TI-83 problem....Secant Graphs

1. The problem statement, all variables and given/known data

What are the properties of:
y= 2 sec(-2x + 90deg) + 3

2. Relevant equations

sec (x) = (1/cos (x))

3. The attempt at a solution

I have a problem with finding the Domain of y= 2 sec(-2x + 180deg) + 3.

First of all, I have to put the equation in a neater form:

y= 2 [sec -2(x - 90deg)] + 3

Now, if I want to find the domain, I need to find what sec CAN'T equal. That is the vertical asymptotes.
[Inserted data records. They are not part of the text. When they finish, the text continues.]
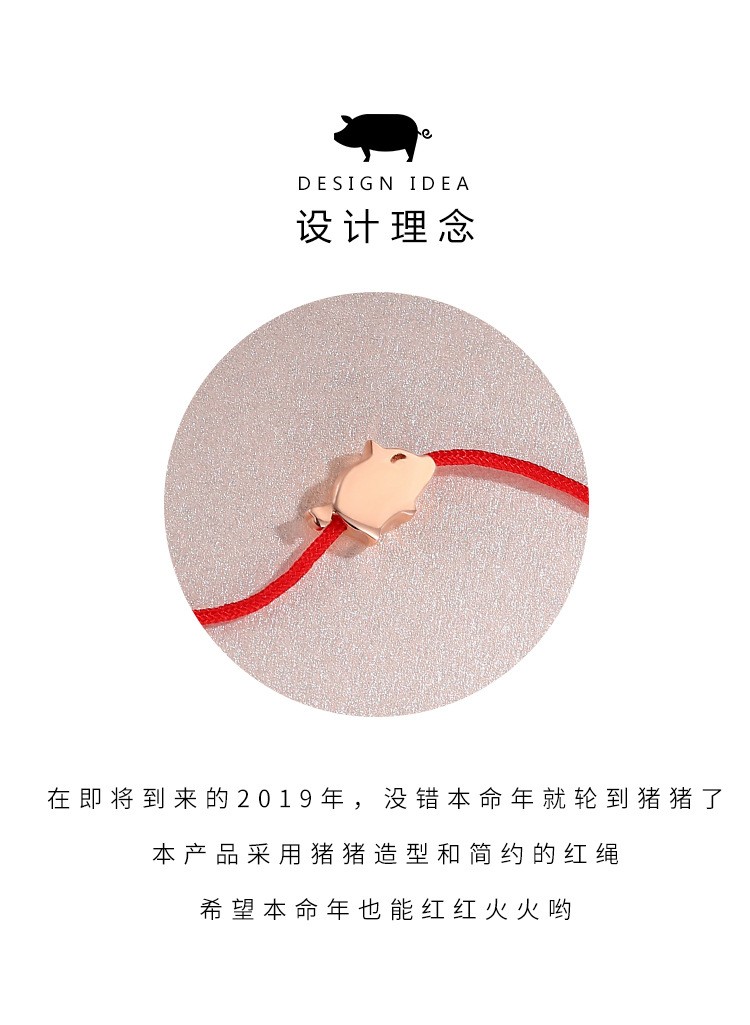 2019本命年S925纯银小猪红绳手链女转运单钻红绳手饰生肖饰品百搭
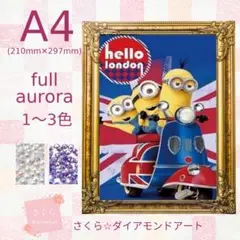 Item thumbnail for item be6e7f35-72a3-4c67-a7d8-40d1f71b298b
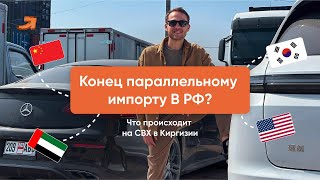 СИТУАЦИЯ НА РЫНКЕ АВТОМОБИЛЕЙ В КЫРГЫЗСТАНЕ - РОССИЯ ЗАКРЫВАЕТ ПАРАЛЛЕЛЬНЫЙ ИМПОРТ!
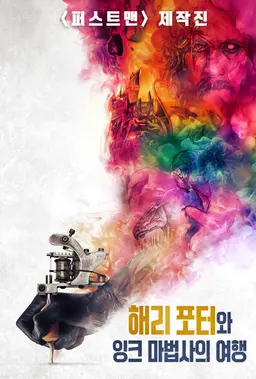 [판매종료]해리포터와 잉크 마법사의 여행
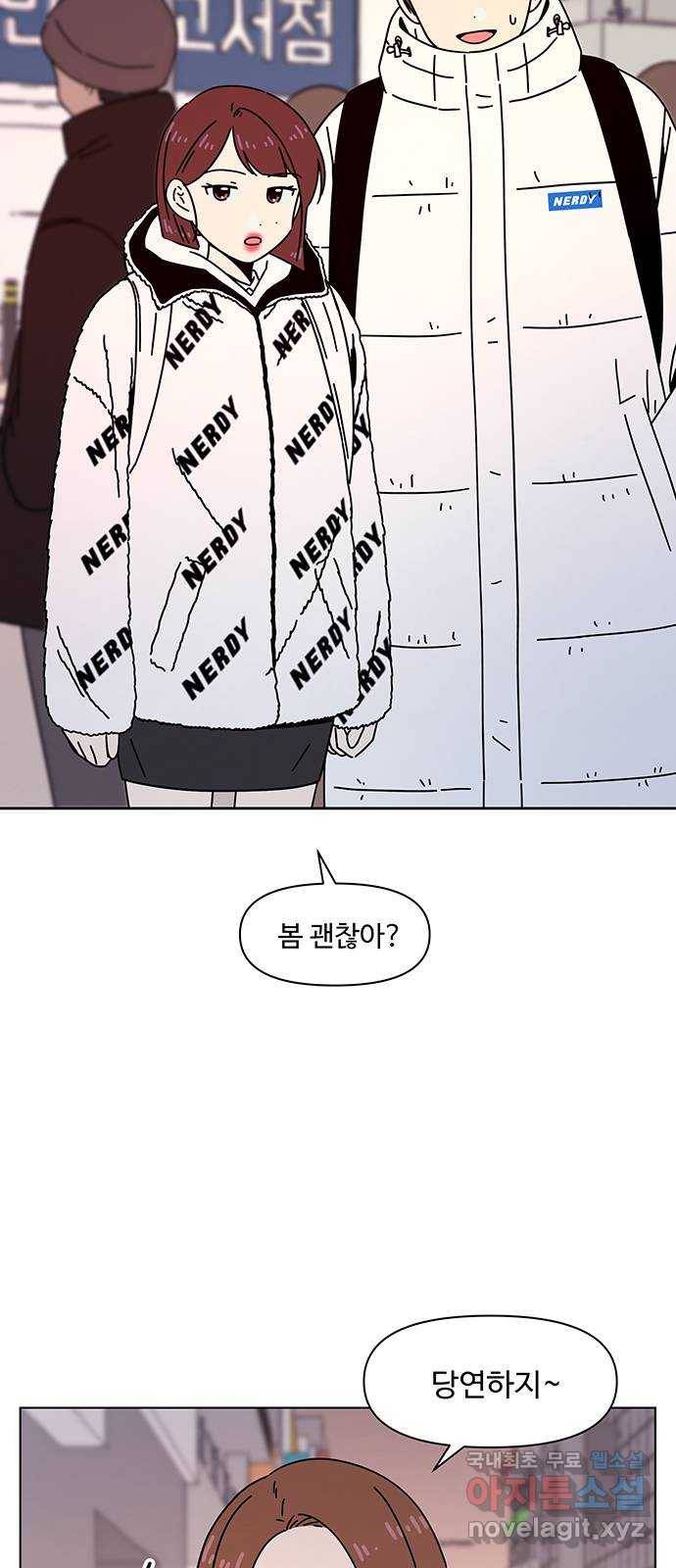 청춘 블라썸 106화: EP.4 동채의 꽃 (11) 29
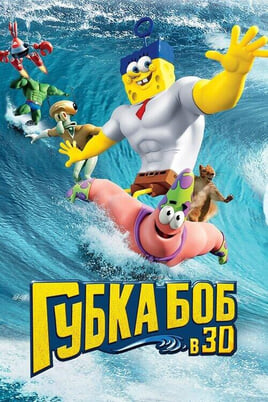 Смотреть Губка Боб в 3D онлайн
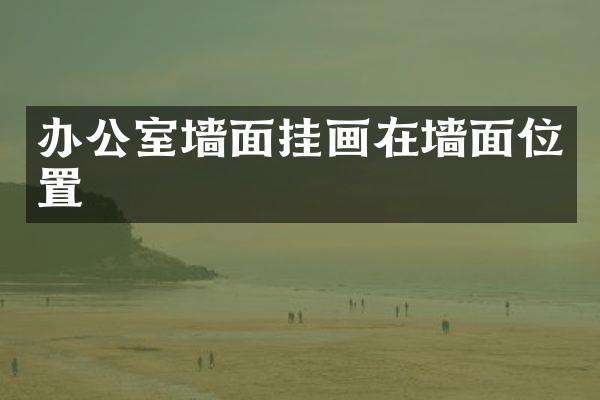 办公室墙面挂画在墙面位置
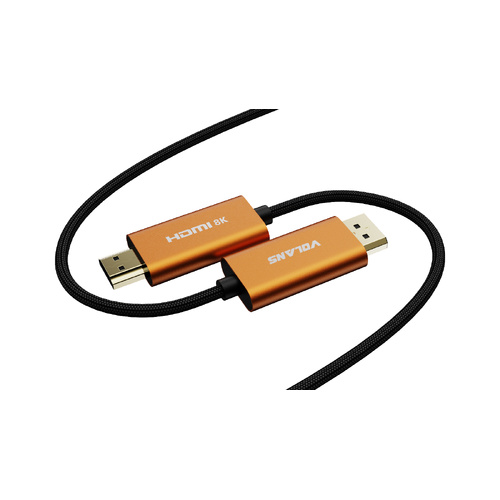 2 Metre Ultra 8K DP to HDMI Cable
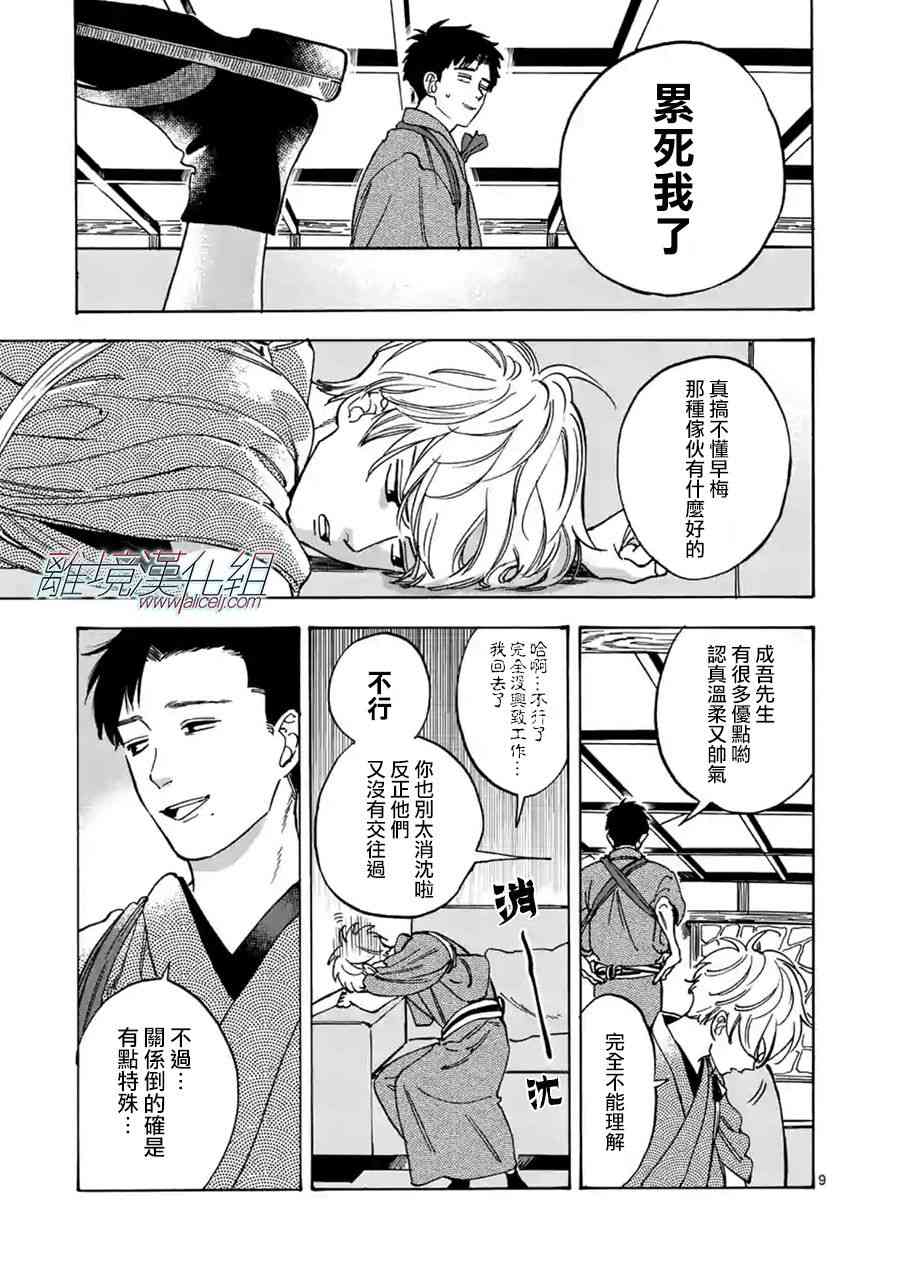 第 9 页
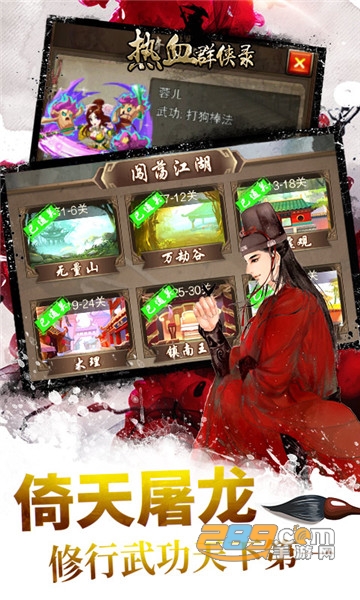 热血群侠录手游单机版v1.1.1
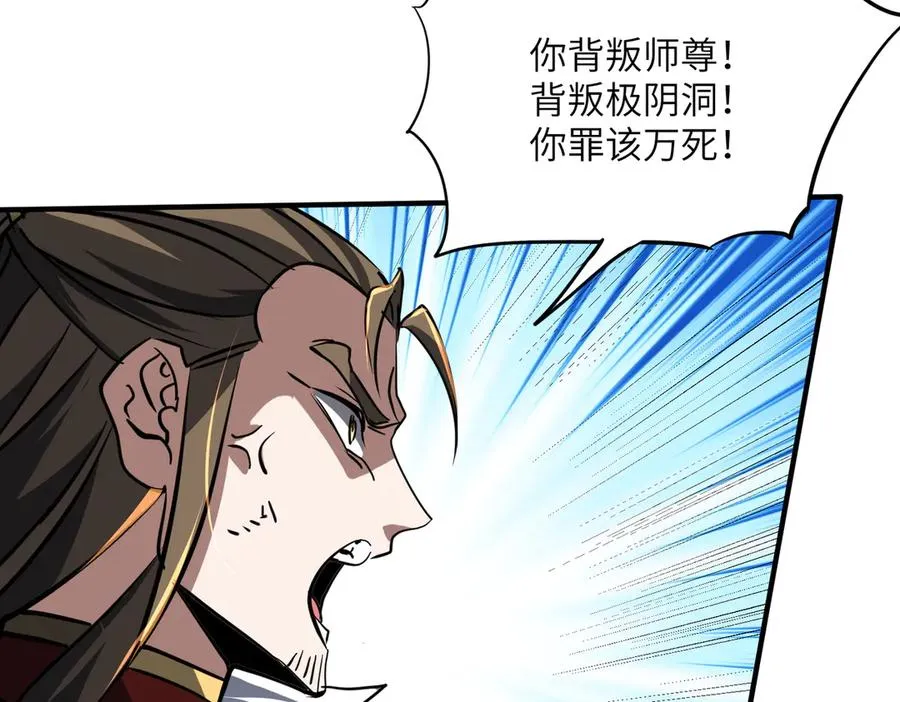 第37话 我们中出了一个叛徒 第48页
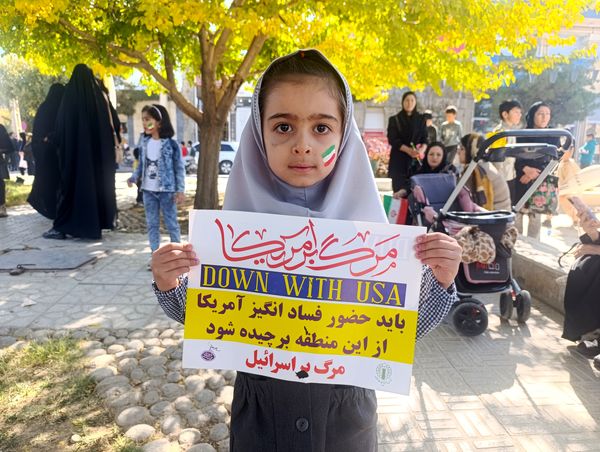 راهپیمایی یوم الله ۱۳ آبان در قادرآباد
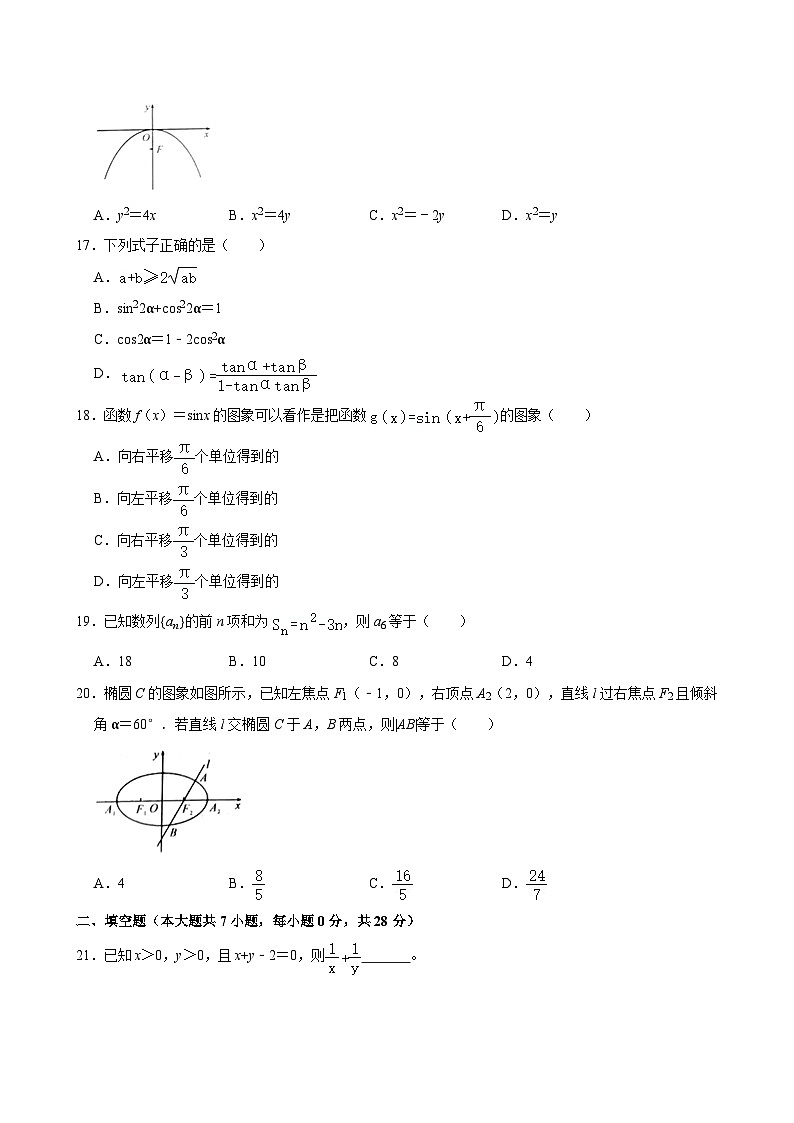 2022-2023学年浙江省职教高考研究联合体高三（上）第一次月考数学试卷第3页
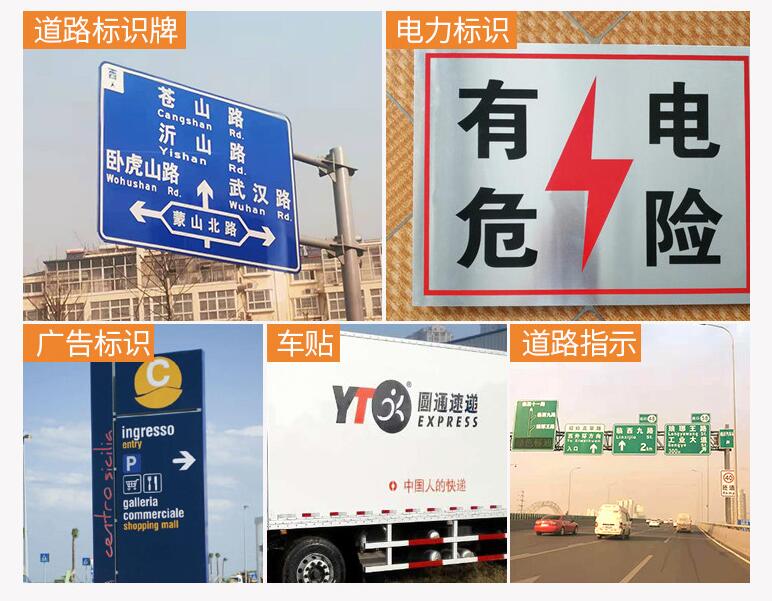 廣告級(jí)反光膜使用場景.jpg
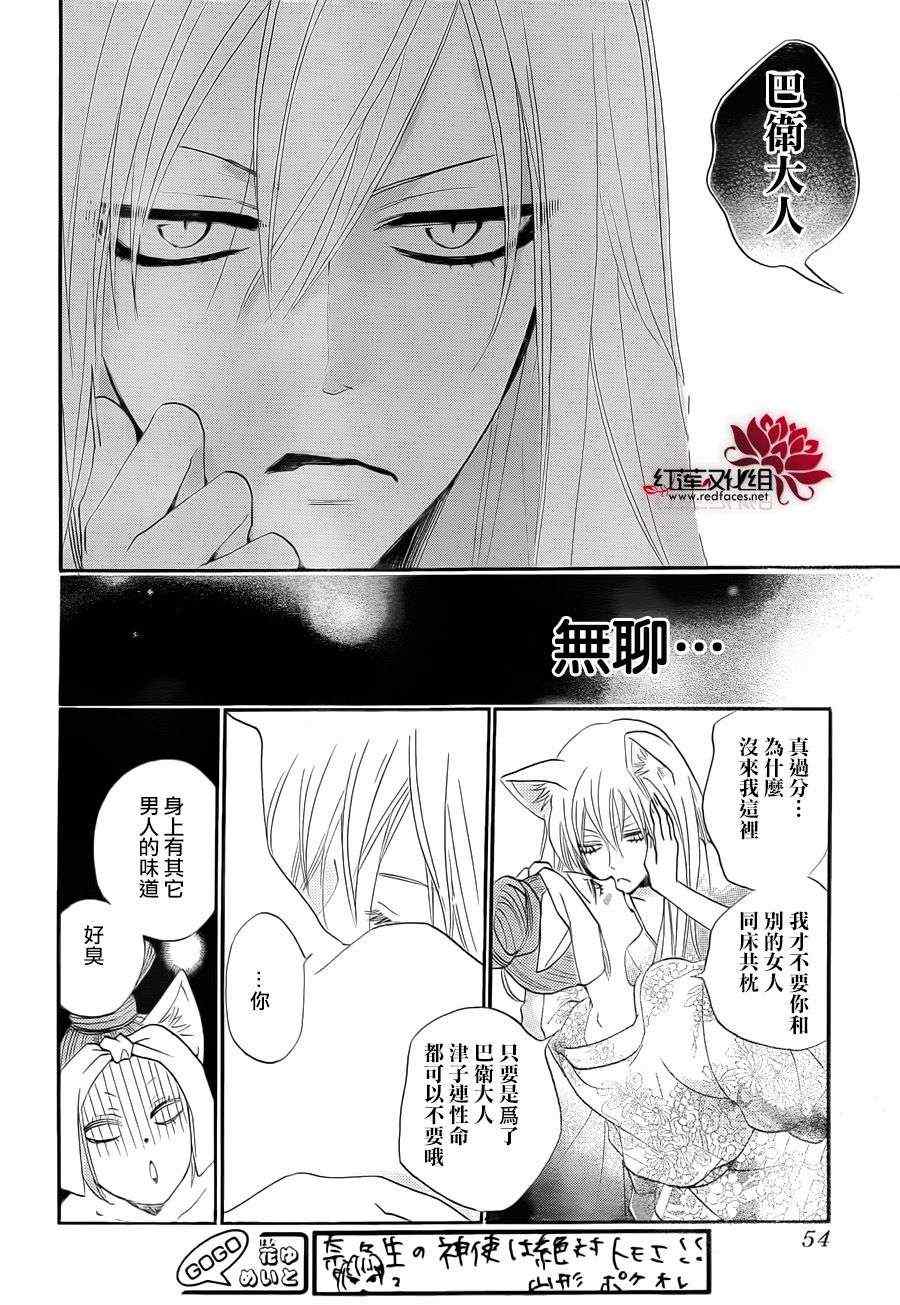 第84话7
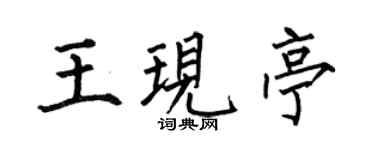 何伯昌王现亭楷书个性签名怎么写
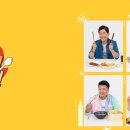 미친(味親) 원정대 4회 대만 230704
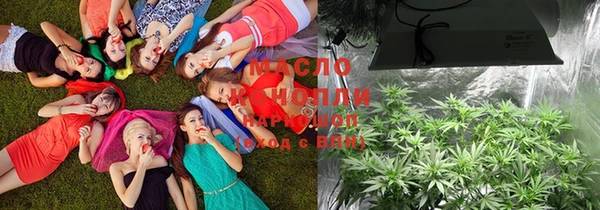 синтетический гашиш Бронницы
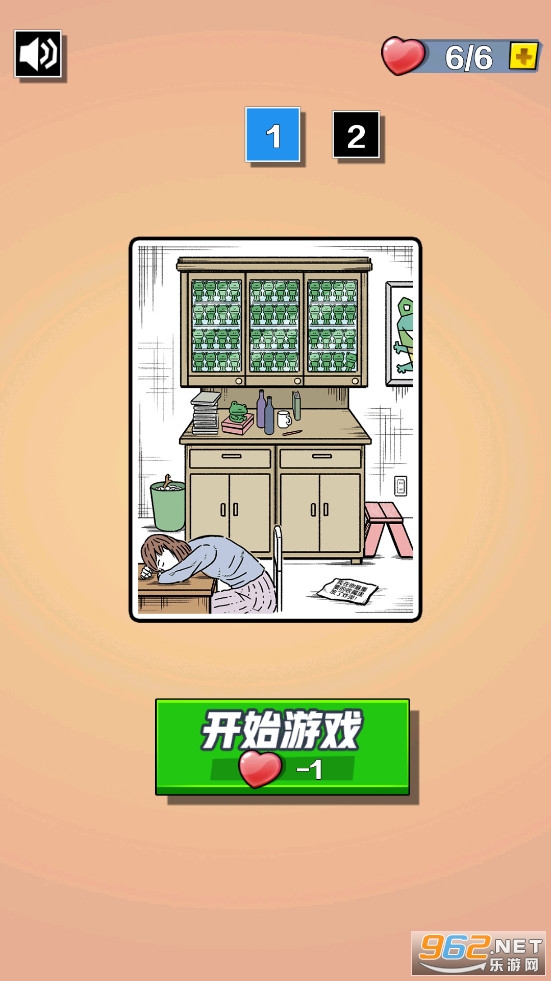 ������̽�簲׿��v1.0.0��ͼ0
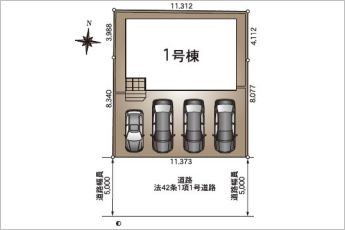 【限定1棟】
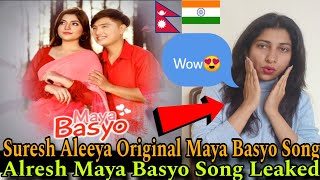 Suresh Aleeya Maya Basyo Full Song😍 Alresh Maya Basyo Song Leaked Before Release Krazy Kudi [upl. by Erb]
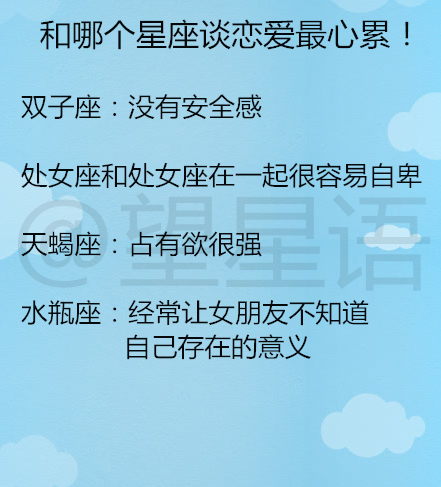 『十二星座』十二星座最忌讳的话,谈恋爱这几句话不要说!12星座如何才能人见人爱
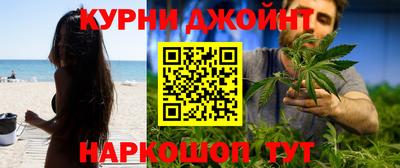мефедрон VHQ Кулебаки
Now asymptotes can be found where the graph of the inverse of sec (which is cos) crossed the x-axis.

So therefore I look at the corresponding cos function:
y= 2 [cos -2(x - 90deg)] + 3

But the problem is: this cos function does NOT cross the x-axis. If it does not cross the x-axis then how can any vertical asymptotes appear?

I later typed in "y= 2 (1/cos (-2x + 180deg)) + 3" into the TI-83. But it DID show vertical asymptotes. Does anyone know where these asymptotes came from???

2. Oct 13, 2008

### HallsofIvy

Staff Emeritus
Re: TI-83 problem....Secant Graphs

Do you mean RANGE rather than domain here?

No. You are not concerned about where this function "crosses the x-axis". The secant is undefined where cosine itself is 0. cos(x) is 0 when x is an odd multiple of 90: x= (2n+1)90 for n any integer. Here you want $-2(x- 90)= (2n+1)90$. Solve that for x.

3. Oct 13, 2008

### Sabellic

Re: TI-83 problem....Secant Graphs

You know, that's starting to make sense. I will try this.

Thank you, HallsofIvy!!